Je demeurai un moment songeur; puis:

—Monsieur Morin, à vous entendre, il me semble que vous avez réalisé, autant qu'il était possible, l'égalité et la fraternité. Mais je crains que ce ne soit aux dépens de la liberté, que j'ai appris à chérir comme le premier des biens.

Morin haussa les épaules.

—Nous n'avons pas établi l'égalité. Nous ne savons ce que c'est. Nous avons assuré la vie à tout le monde. Nous avons mis le travail en honneur. Après cela, si le maçon se croit supérieur au poète et le poète au maçon, c'est leur affaire. Tous nos travailleurs s'imaginent que leur genre de travail est le premier du monde. Il y a plus d'avantages à cela que d'inconvénients.

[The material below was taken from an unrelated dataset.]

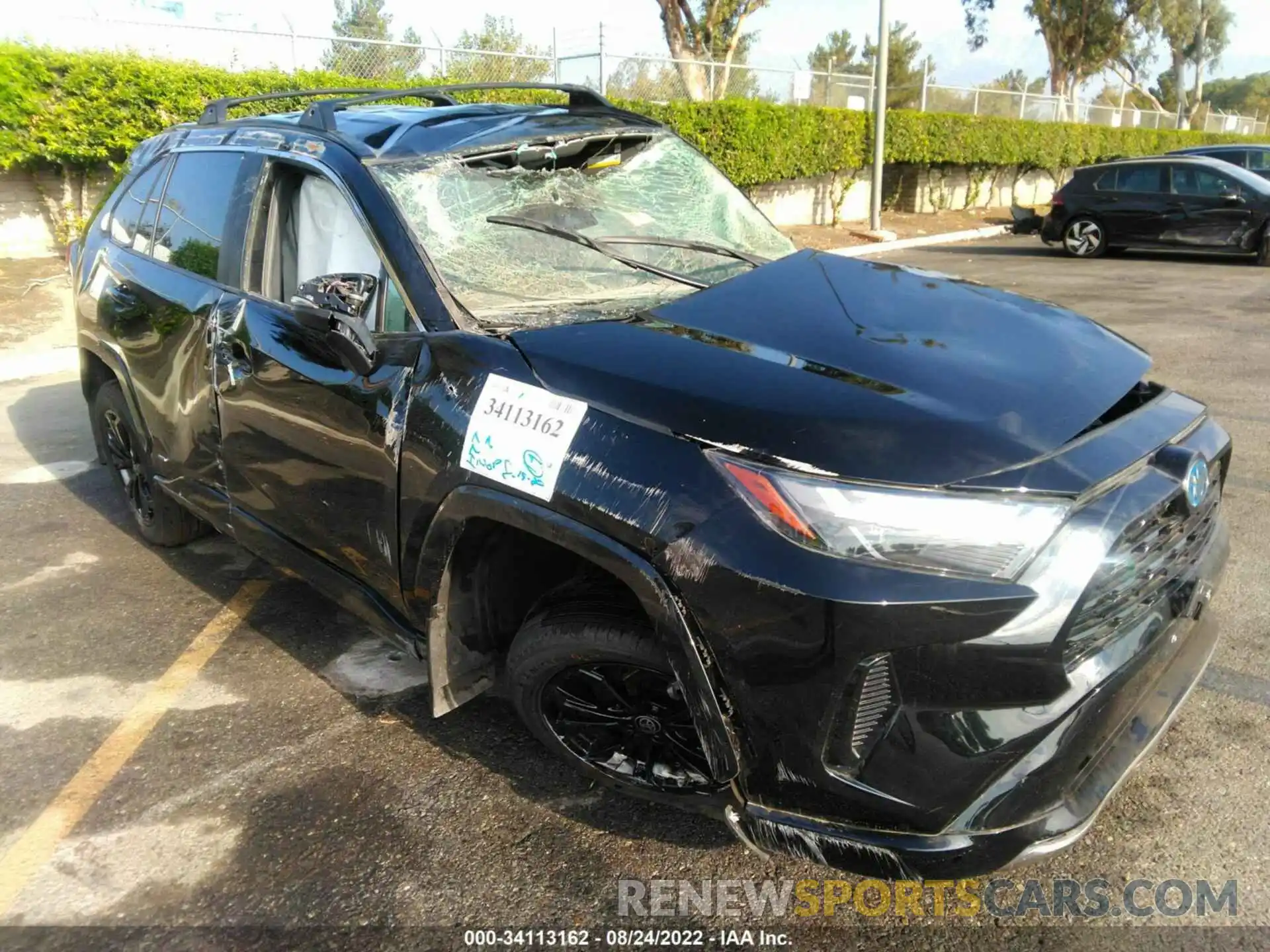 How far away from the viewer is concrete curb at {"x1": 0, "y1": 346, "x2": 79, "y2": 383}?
8242mm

»Camarade Hippolyte, tu sembles avoir beaucoup lu les livres du XIXe siècle de l'ère close, que l'on n'ouvre plus guère: tu parles leur langage, qui nous est devenu étranger. Nous ne concevons pas facilement aujourd'hui que les anciens amis du peuple aient pu prendre pour devise: Liberté, Égalité, Fraternité. La liberté ne peut pas être dans la société, puisqu'elle n'est pas dans la nature. Il n'y a pas d'animal libre. On disait autrefois d'un homme qu'il était libre quand il n'obéissait qu'aux lois. C'était puéril. On a fait d'ailleurs un si étrange usage du mot de liberté dans les derniers temps de l'anarchie capitaliste, que ce mot a fini par exprimer uniquement la revendication des privilèges. L'idée d'égalité est moins raisonnable encore, et elle est fâcheuse en ce qu'elle suppose un faux idéal. Nous n'avons pas à rechercher si les hommes sont égaux entre eux. Nous devous veiller à ce que chacun fournisse tout ce qu'il peut donner et reçoive tout ce dont il a besoin. Quant à la fraternité, nous savons trop comment les frères ont traité les frères pendant des siècles. Nous ne disons pas que les hommes sont mauvais. Nous ne disons pas qu'ils sont bons. Ils sont ce qu'ils sont. Mais ils vivent en paix quand ils n'ont plus de causes de se battre. Nous n'avons qu'un mot pour exprimer notre ordre social. Nous disons que nous sommes en harmonie. Et il est certain qu'aujourd'hui toutes les forces humaines agissent de concert.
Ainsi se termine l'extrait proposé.